Stored data
◆ ◆ ◆

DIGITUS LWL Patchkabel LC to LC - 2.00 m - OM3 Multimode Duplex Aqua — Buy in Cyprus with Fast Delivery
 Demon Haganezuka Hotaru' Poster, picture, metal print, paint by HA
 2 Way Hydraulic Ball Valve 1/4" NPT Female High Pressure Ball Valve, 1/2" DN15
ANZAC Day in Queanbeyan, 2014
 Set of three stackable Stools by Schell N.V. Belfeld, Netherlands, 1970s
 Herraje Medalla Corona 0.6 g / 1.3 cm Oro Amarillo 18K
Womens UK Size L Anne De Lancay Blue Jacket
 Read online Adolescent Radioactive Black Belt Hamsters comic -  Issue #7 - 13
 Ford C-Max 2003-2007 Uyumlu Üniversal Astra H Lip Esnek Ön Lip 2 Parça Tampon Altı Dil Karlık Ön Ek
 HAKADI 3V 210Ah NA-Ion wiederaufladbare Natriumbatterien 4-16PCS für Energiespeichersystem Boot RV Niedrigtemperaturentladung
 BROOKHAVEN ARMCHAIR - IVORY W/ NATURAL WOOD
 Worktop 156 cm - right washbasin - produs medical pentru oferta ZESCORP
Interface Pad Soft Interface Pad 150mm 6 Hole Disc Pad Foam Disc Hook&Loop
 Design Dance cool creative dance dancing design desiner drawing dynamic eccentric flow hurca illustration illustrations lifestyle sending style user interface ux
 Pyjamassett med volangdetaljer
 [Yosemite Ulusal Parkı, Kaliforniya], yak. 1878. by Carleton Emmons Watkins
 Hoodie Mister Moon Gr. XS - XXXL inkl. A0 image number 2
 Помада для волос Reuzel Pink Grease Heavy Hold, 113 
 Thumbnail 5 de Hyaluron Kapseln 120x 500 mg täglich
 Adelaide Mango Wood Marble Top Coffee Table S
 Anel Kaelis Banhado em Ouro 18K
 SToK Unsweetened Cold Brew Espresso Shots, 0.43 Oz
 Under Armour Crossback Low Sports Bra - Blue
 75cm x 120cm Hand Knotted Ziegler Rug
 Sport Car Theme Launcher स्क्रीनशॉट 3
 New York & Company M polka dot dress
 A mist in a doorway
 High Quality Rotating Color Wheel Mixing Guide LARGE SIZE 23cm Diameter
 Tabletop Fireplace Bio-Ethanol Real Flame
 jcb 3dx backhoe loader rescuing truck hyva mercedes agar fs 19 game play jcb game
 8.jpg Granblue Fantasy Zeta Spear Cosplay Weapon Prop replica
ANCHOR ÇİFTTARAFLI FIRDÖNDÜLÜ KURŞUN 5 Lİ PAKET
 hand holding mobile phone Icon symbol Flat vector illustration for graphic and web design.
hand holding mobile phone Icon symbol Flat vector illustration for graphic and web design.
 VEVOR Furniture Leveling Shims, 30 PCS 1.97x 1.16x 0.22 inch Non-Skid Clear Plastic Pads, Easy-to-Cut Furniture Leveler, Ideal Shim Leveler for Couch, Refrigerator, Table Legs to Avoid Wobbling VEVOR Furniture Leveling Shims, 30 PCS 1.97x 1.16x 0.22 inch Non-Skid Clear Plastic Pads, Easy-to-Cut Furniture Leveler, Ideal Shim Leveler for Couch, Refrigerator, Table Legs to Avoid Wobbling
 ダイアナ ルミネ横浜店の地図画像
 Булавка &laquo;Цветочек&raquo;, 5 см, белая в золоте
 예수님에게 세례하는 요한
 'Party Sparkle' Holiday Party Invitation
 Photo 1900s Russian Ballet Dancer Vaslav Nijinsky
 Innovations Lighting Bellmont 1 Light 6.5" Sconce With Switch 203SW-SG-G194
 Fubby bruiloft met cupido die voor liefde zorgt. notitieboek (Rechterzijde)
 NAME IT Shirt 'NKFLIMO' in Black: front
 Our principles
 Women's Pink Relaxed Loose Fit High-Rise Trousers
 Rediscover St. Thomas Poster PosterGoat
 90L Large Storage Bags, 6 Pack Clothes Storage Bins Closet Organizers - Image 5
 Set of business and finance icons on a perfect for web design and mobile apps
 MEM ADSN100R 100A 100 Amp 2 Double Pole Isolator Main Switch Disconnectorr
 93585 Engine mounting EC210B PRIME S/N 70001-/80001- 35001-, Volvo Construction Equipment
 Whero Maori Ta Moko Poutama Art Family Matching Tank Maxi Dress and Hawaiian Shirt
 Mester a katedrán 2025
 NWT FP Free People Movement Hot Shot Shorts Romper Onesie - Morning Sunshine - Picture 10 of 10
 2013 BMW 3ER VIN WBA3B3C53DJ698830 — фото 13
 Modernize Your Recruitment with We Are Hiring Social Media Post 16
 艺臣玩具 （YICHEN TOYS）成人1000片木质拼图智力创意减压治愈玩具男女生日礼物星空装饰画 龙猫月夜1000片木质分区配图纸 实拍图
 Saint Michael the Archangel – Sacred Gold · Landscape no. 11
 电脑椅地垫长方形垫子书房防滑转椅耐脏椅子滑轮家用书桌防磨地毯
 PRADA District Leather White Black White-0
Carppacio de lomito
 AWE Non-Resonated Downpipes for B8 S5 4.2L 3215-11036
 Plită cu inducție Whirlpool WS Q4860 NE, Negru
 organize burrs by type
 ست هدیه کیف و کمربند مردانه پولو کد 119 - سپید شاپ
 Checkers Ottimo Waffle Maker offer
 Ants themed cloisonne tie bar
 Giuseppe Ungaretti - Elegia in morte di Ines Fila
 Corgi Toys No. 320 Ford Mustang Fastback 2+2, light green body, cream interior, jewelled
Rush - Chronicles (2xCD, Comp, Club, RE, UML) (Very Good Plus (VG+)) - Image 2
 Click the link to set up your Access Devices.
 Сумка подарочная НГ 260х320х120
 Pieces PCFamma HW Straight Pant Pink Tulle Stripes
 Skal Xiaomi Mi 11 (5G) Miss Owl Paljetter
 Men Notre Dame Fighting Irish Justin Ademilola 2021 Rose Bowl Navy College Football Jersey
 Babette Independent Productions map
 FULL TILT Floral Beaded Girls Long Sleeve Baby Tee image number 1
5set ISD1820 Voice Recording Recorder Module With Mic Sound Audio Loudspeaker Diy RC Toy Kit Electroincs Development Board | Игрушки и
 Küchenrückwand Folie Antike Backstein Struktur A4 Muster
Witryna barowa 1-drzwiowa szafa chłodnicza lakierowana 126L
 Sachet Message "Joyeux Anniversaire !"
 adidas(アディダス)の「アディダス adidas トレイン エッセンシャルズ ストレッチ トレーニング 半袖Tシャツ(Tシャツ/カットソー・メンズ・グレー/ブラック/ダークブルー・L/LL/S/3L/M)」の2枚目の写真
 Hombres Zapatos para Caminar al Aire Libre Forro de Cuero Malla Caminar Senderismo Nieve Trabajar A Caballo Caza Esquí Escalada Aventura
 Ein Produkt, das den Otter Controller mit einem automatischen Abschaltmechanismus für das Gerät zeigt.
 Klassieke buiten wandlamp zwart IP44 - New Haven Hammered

◆ ◆ ◆

## PROBLEM STATEMENT
After locating the line with "Holiday Party Invitation" above, return that line and every later line through the one with "2013 BMW 3ER VIN WBA3B3C53DJ698830 — фото 13", word for word and with nothing else.

## ANSWER FOR THIS EXERCISE
 'Party Sparkle' Holiday Party Invitation
 Photo 1900s Russian Ballet Dancer Vaslav Nijinsky
 Innovations Lighting Bellmont 1 Light 6.5" Sconce With Switch 203SW-SG-G194
 Fubby bruiloft met cupido die voor liefde zorgt. notitieboek (Rechterzijde)
 NAME IT Shirt 'NKFLIMO' in Black: front
 Our principles
 Women's Pink Relaxed Loose Fit High-Rise Trousers
 Rediscover St. Thomas Poster PosterGoat
 90L Large Storage Bags, 6 Pack Clothes Storage Bins Closet Organizers - Image 5
 Set of business and finance icons on a perfect for web design and mobile apps
 MEM ADSN100R 100A 100 Amp 2 Double Pole Isolator Main Switch Disconnectorr
 93585 Engine mounting EC210B PRIME S/N 70001-/80001- 35001-, Volvo Construction Equipment
 Whero Maori Ta Moko Poutama Art Family Matching Tank Maxi Dress and Hawaiian Shirt
 Mester a katedrán 2025
 NWT FP Free People Movement Hot Shot Shorts Romper Onesie - Morning Sunshine - Picture 10 of 10
 2013 BMW 3ER VIN WBA3B3C53DJ698830 — фото 13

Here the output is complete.